- _Scraped caption text data_:
+++

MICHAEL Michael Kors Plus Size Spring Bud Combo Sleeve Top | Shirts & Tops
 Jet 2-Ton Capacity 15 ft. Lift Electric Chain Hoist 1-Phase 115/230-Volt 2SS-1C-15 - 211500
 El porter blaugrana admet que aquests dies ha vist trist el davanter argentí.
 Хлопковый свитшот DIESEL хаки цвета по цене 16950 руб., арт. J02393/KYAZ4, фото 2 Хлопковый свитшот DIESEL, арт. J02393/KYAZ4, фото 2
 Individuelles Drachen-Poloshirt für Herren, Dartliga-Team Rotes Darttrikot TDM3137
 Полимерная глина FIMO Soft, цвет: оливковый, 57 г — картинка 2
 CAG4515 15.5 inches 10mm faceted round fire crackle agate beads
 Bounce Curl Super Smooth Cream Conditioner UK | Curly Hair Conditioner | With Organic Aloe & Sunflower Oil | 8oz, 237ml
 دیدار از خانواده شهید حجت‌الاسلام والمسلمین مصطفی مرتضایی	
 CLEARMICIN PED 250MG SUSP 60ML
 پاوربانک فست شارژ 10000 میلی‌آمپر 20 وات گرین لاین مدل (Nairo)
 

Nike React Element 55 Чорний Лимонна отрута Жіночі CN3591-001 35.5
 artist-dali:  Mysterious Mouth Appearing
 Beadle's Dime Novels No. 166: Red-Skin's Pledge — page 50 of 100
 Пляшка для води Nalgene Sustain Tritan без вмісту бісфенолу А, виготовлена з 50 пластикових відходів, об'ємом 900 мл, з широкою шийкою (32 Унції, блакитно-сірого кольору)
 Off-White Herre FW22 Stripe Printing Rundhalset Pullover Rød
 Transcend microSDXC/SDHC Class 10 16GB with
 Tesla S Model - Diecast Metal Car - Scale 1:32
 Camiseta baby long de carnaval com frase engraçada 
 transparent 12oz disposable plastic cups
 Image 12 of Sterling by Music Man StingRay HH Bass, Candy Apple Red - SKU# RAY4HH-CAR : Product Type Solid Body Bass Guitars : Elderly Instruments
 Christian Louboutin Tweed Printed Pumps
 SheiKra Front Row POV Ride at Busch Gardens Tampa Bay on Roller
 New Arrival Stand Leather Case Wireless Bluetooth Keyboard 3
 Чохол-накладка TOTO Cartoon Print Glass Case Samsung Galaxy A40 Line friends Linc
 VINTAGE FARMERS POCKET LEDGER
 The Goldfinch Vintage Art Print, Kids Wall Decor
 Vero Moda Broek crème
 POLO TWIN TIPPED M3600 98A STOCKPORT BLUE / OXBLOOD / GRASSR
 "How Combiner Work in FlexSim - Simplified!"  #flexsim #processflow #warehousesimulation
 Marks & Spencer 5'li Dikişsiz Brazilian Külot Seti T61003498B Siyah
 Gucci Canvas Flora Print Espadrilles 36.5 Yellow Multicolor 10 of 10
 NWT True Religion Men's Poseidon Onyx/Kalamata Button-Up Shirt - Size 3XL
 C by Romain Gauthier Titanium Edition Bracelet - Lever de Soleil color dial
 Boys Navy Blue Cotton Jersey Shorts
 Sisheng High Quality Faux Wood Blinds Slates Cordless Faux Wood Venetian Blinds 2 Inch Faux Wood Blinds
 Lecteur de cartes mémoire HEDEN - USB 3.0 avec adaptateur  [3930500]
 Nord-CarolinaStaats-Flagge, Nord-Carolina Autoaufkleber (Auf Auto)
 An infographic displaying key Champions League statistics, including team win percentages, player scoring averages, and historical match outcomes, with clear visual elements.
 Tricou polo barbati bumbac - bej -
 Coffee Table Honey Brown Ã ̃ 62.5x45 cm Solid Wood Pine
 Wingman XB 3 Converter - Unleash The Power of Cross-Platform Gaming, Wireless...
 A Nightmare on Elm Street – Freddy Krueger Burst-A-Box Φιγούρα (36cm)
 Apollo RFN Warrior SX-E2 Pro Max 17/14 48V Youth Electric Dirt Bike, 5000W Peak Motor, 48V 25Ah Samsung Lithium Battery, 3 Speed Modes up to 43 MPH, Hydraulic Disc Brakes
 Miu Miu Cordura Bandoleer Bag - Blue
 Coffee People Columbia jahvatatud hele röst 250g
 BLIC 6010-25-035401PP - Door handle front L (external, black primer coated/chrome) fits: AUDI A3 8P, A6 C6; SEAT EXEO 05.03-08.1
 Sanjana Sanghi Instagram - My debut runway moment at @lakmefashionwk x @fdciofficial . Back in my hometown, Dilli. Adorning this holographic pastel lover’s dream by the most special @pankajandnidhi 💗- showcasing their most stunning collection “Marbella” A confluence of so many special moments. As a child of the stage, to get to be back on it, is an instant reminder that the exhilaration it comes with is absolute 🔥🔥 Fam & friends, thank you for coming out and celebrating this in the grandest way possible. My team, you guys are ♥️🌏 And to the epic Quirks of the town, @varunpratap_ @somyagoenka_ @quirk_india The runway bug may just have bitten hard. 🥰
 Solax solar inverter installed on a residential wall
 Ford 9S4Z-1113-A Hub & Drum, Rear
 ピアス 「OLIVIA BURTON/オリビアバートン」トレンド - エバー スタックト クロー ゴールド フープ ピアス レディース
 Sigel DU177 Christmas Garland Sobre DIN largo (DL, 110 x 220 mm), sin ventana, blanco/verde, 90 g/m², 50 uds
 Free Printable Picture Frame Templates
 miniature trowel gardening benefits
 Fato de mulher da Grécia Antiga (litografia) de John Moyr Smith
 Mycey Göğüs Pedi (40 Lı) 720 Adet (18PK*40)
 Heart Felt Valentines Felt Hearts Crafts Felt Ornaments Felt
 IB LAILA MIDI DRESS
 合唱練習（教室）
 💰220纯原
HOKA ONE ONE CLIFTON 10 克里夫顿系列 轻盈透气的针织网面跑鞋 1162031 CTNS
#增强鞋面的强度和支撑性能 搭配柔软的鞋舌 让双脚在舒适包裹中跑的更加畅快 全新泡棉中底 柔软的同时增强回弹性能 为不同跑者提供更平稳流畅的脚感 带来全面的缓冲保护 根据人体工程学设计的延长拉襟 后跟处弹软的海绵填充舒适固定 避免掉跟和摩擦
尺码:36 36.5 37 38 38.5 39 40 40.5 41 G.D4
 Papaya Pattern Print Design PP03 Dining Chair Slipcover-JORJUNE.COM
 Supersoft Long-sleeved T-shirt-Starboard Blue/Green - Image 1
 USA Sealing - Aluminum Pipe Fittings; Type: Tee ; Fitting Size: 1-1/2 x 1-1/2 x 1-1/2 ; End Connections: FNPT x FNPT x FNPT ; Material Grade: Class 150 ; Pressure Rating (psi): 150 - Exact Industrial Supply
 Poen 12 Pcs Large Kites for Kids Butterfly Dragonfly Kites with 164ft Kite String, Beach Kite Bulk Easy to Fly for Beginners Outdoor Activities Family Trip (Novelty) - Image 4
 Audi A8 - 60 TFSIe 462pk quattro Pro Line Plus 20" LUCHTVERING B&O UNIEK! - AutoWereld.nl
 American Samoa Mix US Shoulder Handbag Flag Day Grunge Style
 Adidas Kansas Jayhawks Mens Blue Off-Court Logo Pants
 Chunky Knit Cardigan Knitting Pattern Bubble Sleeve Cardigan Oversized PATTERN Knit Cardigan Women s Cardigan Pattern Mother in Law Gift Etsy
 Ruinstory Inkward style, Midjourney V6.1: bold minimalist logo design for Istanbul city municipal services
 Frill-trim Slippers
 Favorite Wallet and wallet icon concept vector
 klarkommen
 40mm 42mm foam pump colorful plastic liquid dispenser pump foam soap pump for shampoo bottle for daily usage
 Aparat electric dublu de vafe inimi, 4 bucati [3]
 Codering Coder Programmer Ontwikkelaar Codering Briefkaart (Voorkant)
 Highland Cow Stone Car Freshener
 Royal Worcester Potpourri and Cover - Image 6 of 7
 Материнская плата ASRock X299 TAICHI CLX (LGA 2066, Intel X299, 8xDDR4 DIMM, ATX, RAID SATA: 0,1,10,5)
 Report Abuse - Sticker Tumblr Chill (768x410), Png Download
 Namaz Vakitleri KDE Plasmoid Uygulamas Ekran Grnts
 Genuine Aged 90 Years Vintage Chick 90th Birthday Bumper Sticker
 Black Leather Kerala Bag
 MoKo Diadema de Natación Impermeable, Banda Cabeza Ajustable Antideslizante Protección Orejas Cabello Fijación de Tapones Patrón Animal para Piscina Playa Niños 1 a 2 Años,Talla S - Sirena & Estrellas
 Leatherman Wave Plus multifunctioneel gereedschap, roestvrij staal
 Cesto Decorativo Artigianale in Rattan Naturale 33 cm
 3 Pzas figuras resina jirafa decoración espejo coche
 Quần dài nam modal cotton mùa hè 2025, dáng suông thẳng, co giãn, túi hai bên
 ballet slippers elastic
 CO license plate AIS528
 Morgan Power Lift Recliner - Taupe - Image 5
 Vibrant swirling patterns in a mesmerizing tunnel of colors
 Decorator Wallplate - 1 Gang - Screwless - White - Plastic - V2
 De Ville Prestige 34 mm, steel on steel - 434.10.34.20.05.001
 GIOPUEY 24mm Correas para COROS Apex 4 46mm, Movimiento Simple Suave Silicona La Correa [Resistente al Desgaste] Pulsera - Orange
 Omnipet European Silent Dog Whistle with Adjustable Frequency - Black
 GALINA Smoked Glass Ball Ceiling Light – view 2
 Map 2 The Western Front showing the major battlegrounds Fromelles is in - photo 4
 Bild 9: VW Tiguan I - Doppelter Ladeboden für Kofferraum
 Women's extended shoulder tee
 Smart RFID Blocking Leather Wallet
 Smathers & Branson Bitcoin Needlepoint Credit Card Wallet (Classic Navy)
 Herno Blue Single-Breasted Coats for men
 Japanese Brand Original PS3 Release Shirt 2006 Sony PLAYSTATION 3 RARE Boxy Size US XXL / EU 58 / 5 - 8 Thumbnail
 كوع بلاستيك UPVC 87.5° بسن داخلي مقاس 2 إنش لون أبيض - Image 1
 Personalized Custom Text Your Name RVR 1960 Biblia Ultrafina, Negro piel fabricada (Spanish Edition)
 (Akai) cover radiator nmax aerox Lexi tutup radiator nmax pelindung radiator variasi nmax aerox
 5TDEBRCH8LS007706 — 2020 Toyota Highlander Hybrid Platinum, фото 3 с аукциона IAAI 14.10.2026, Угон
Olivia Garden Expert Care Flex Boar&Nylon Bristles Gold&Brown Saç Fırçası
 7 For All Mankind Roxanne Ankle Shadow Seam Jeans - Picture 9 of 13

+++

- _What is expected_:
Reproduce exactly, and only, the lines from the start of the entries through the one that contains "Beadle's Dime Novels".

- _Written answer_:
MICHAEL Michael Kors Plus Size Spring Bud Combo Sleeve Top | Shirts & Tops
 Jet 2-Ton Capacity 15 ft. Lift Electric Chain Hoist 1-Phase 115/230-Volt 2SS-1C-15 - 211500
 El porter blaugrana admet que aquests dies ha vist trist el davanter argentí.
 Хлопковый свитшот DIESEL хаки цвета по цене 16950 руб., арт. J02393/KYAZ4, фото 2 Хлопковый свитшот DIESEL, арт. J02393/KYAZ4, фото 2
 Individuelles Drachen-Poloshirt für Herren, Dartliga-Team Rotes Darttrikot TDM3137
 Полимерная глина FIMO Soft, цвет: оливковый, 57 г — картинка 2
 CAG4515 15.5 inches 10mm faceted round fire crackle agate beads
 Bounce Curl Super Smooth Cream Conditioner UK | Curly Hair Conditioner | With Organic Aloe & Sunflower Oil | 8oz, 237ml
 دیدار از خانواده شهید حجت‌الاسلام والمسلمین مصطفی مرتضایی	
 CLEARMICIN PED 250MG SUSP 60ML
 پاوربانک فست شارژ 10000 میلی‌آمپر 20 وات گرین لاین مدل (Nairo)
 

Nike React Element 55 Чорний Лимонна отрута Жіночі CN3591-001 35.5
 artist-dali:  Mysterious Mouth Appearing
 Beadle's Dime Novels No. 166: Red-Skin's Pledge — page 50 of 100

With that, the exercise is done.